YOUR OBJECTIVE: Some entries follow. Reproduce exactly the lines starting at the one with "Westchase Hotel |" and stopping after the one with "Mbak Eni, Penjaja Kue Kecil Berhati Besar".

DATA SUPPLIED:

====

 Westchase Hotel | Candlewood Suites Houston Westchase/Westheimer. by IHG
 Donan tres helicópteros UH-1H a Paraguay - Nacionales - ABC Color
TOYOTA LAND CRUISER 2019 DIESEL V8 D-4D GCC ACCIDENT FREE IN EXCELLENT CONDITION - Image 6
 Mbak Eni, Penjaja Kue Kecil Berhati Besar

====

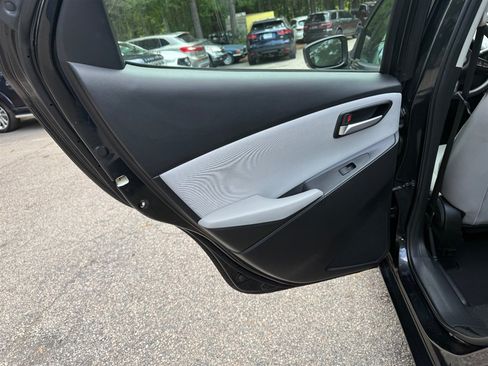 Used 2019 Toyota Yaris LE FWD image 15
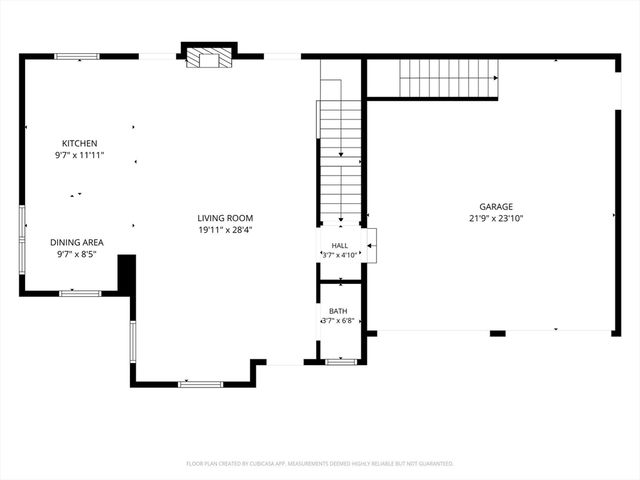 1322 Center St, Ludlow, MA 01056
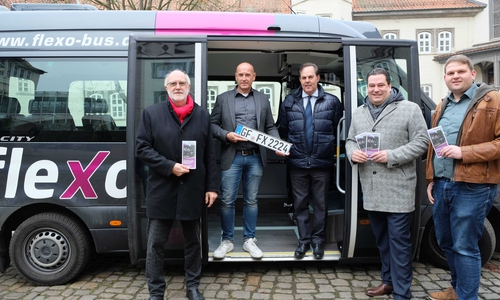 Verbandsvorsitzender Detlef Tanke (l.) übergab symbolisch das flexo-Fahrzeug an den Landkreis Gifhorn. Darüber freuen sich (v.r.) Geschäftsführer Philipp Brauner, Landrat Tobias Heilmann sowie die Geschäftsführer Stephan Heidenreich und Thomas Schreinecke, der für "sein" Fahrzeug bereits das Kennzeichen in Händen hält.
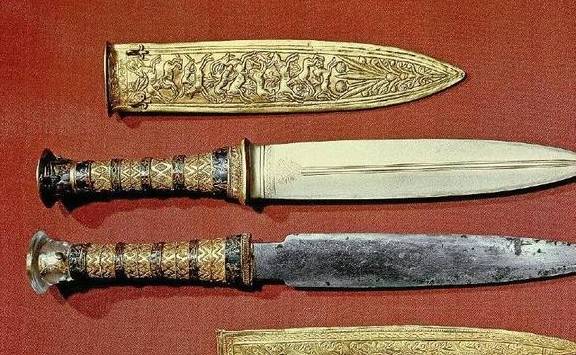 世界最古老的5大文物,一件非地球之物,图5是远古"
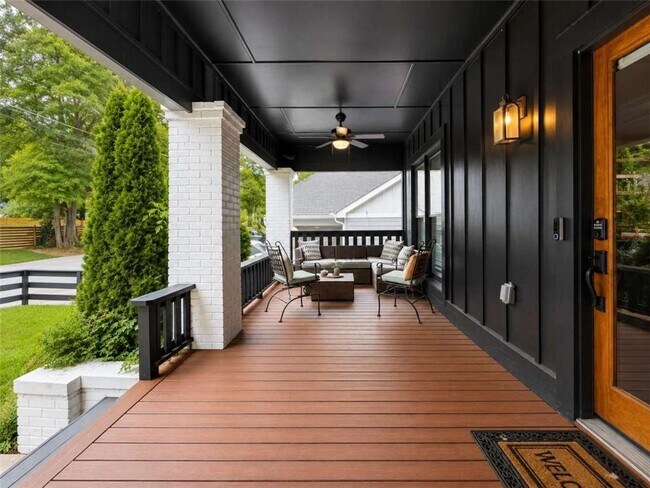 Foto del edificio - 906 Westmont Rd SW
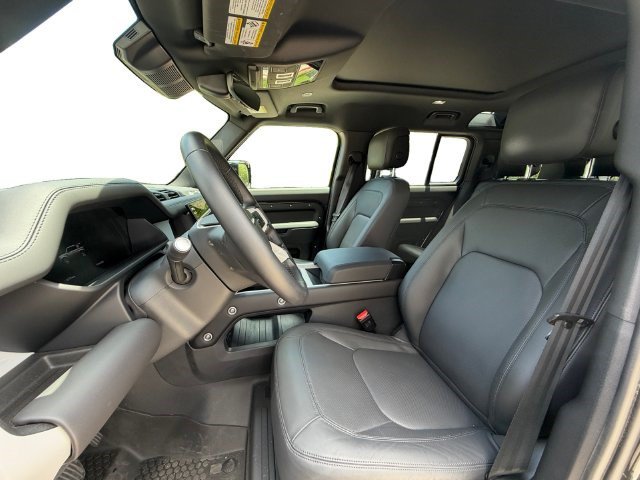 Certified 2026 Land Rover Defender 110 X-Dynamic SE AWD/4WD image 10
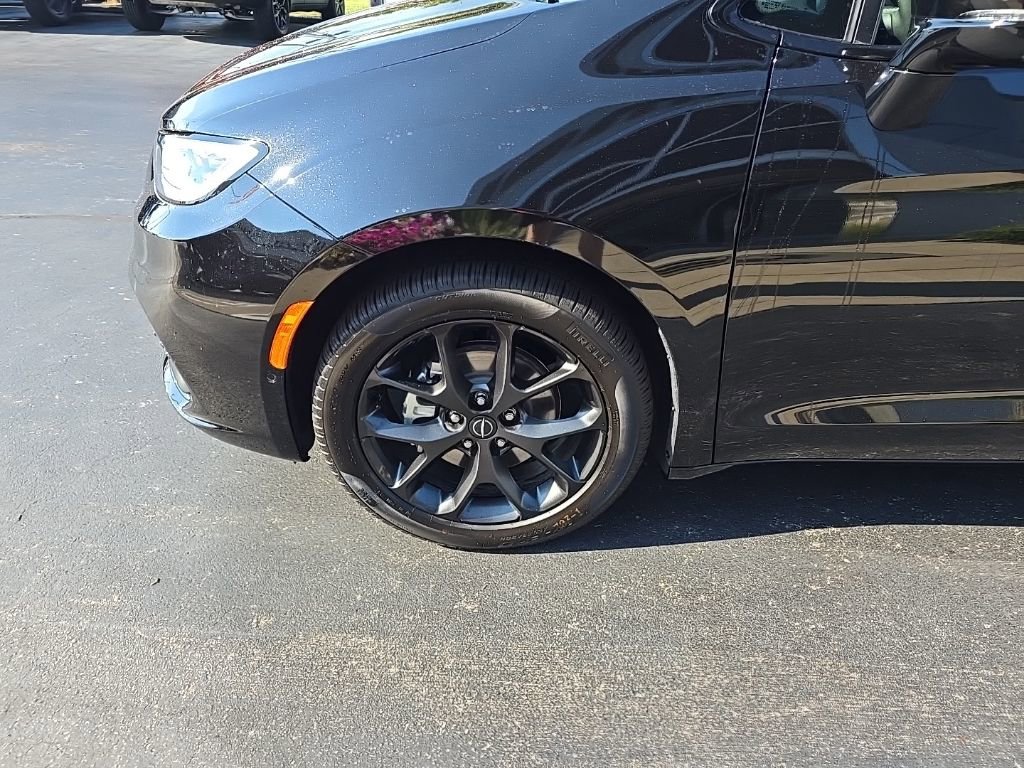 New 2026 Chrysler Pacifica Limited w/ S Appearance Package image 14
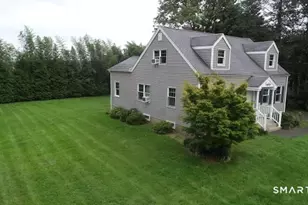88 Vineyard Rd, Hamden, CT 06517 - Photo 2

====

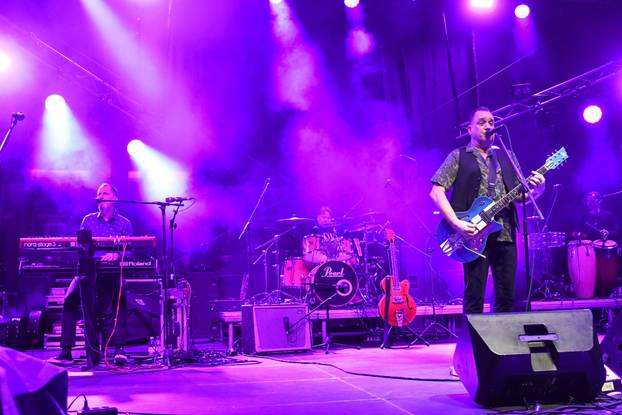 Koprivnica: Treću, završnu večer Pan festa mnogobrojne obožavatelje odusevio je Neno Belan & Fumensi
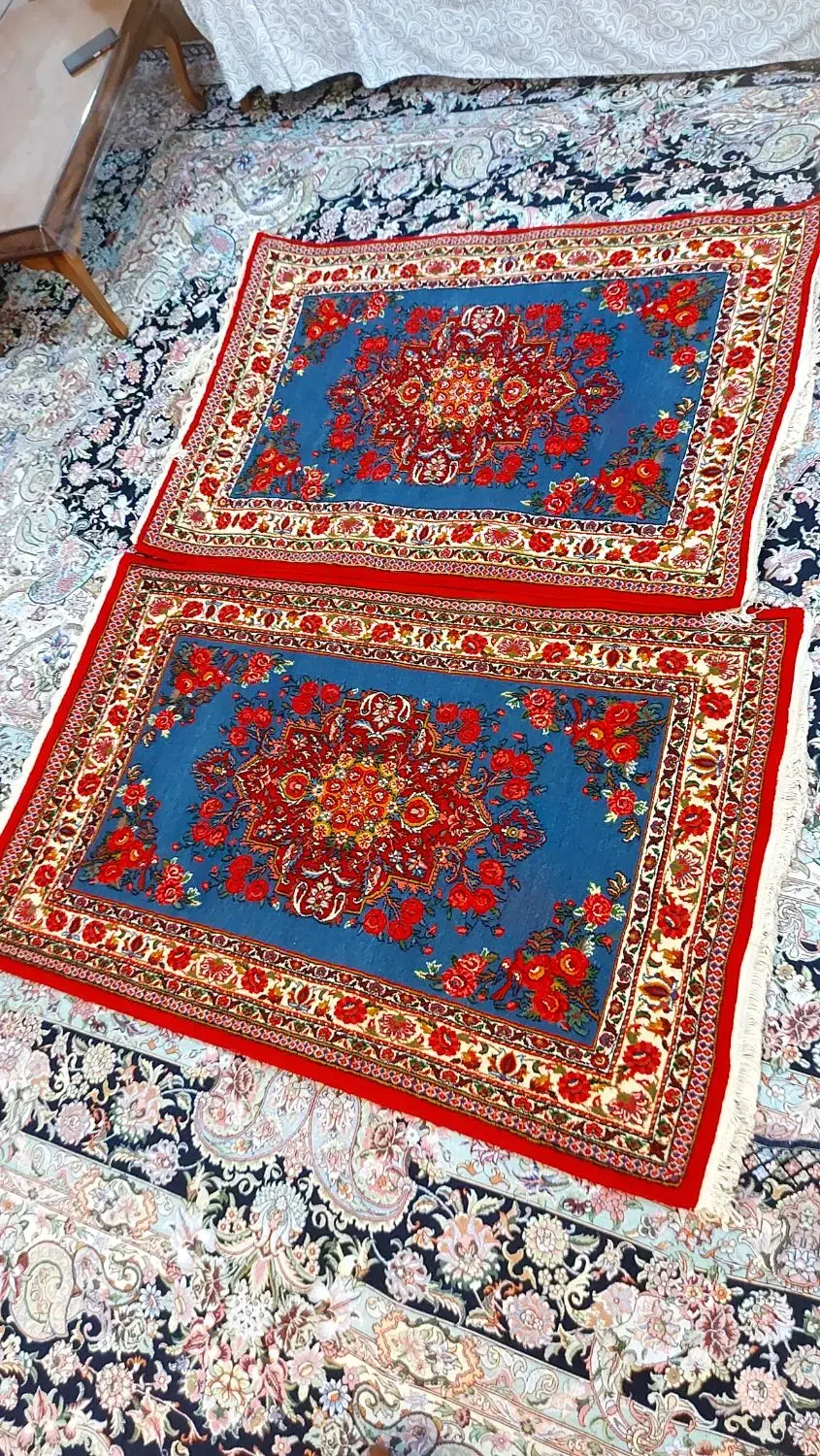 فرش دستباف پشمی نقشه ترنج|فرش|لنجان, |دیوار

====

RESULT BELOW:
 Westchase Hotel | Candlewood Suites Houston Westchase/Westheimer. by IHG
 Donan tres helicópteros UH-1H a Paraguay - Nacionales - ABC Color
TOYOTA LAND CRUISER 2019 DIESEL V8 D-4D GCC ACCIDENT FREE IN EXCELLENT CONDITION - Image 6
 Mbak Eni, Penjaja Kue Kecil Berhati Besar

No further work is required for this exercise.